Murder on the Seaforde Estate

On Friday 29 July 1870 a man named John Gallagher was murdered on the road from Seaforde House into the village. His body was found under a tree near his own house the next morning, shot in the head by a bolt.

He had been employed by Col Forde for some 25 years, and among his duties was paying the estate labourers their wages. Col Forde's agent, Mr Parsons, had given him 44 on the Friday morning to pay the labourers, and he came home at 5pm ready to pay out the wages when the men called with him in the course of the evening. He had the money in a linen purse in his breast coat pocket as usual, but it was missing when his body was found.


About 5.30 a neighbour called John Gregory, who had been Col Forde's gatekeeper for about six years, called and spoke to Gallagher. He had been born in 1816 and served his time as a tailor in Downpatrick like his father, then joined the army and served in the Crimea. After twenty years he left the army with a good conduct medal and testimonials to his courage and discipline. He had returned to Downpatrick with his pension, then got the job with Col Forde, but he was under notice to leave at the end of the month.
 
Gallagher's daughter saw him leaving, and heard Gregory ask her father if he would "soon be coming?".

About 6pm, when the Seaforde bell rang, two men clipping hedges saw Gallagher go past them, and shortly after saw Gregory going in the same direction. About 630, a man waiting to get into the village schoolhouse heard a shot in the plantation, and shortly afterwards saw a man coming back towards the gate lodge. Someone else saw Gregory on the road at that time, and when he got back to his house his wife and a neighbour noticed blood on his hand. Various labourers called at Gallagher's house for their wages, but had to leave empty-handed, and a search for him that evening failed.

Although no one saw Gregory fire the fatal shot, there was considerable circumstantial evidence. A fortnight previously he had borrowed a pistol from a man named Morrison, saying that he wanted it to shoot rabbits. He had then asked someone to purchase for him some ounces of gunpowder and a ha'pennyworth of percussion caps. After the murder Gregory's house was searched, but the pistol was missing. In the estate carpenter's shop there were a number of small bolts lying about. About a week previous to the murder Gregory had been seen there, and the bolt found in the brain of the murdered man was similar to those in the carpenter's shop. Gallagher's money bag, containing part of the money and some percussion caps similar to those purchased for Gregory, were found in a ruined house near Gregory's lodge. Finally, about a week before the murder Gregory had mended a coat for Colonel Forde's gardener. The gardener had asked him if he had a place to go to. Gregory had said that he had not but that he "would create a stir in Seaforde before he left."
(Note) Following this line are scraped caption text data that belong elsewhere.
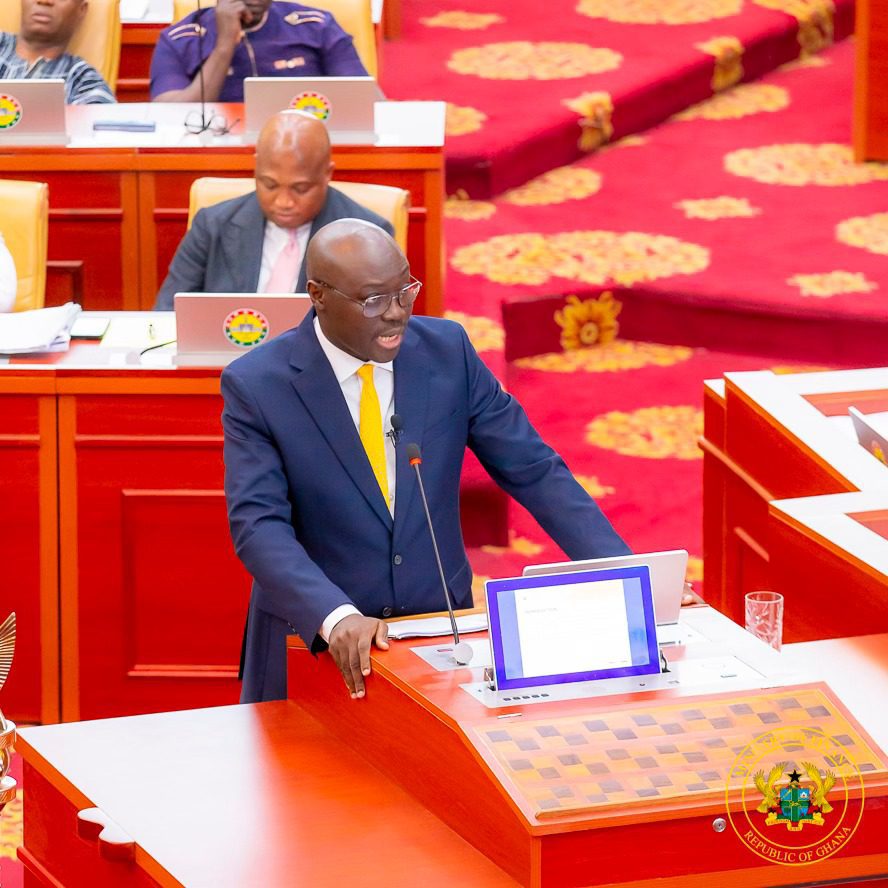 Ghana’s Finance Minister, Dr. Cassiel Ato Forson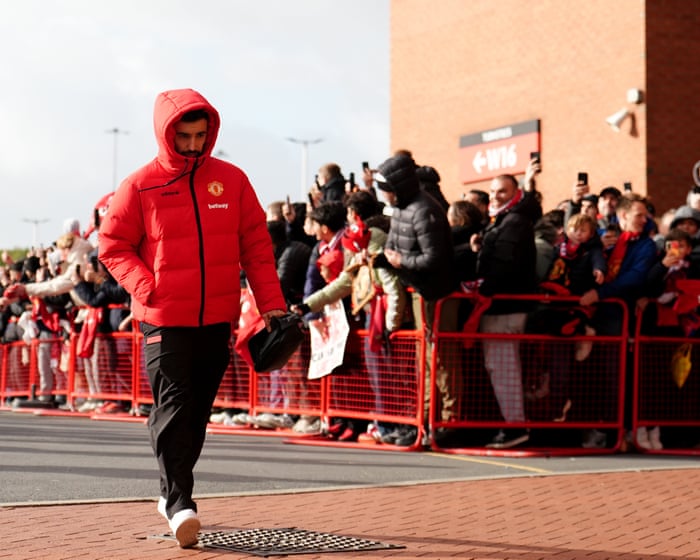 Fernandes on bench for Manchester United, Liverpool v Brighton and more: clockwatch – live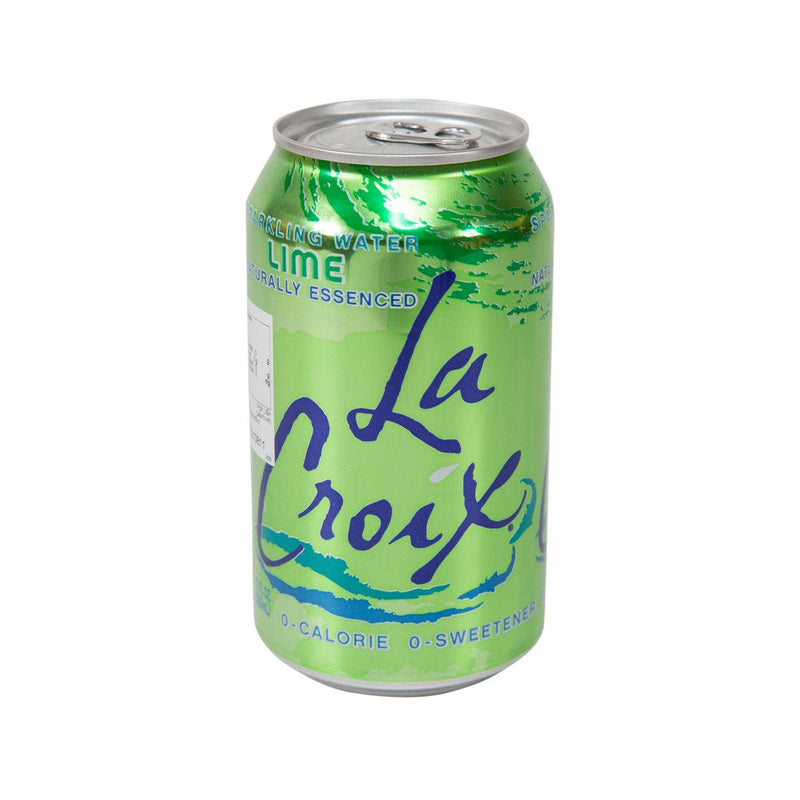 LACROIX 青檸味有氣水 [罐裝] (355mL)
This was sufficient evidence to charge Gregory and detain him in Downpatrick gaol pending his trial. The jury found him guilty but asked for mercy on account of his great age (55!). The judge however passed sentence of death in the usual way, and Gregory was hanged on 12 April 1871, for having "feloniously, wilfully, and of malice aforethought, killed and murdered John Gallagher." This was only the third execution to be held in Ireland since public executions were abolished, and a special scaffold was erected in an obscure part of the prison where it could not be seen from outside. The prisoner had a glass of wine for breakfast, and once his work was over the executioner "coolly sat down and smoked his pipe". In contrast to the public executions of earlier years, the only sign to the outside world of what had happened was the raising of a black flag on a high pole at the moment of execution.


Mugging, it seems, is nothing new, even if the punishment for it is rather less severe these days.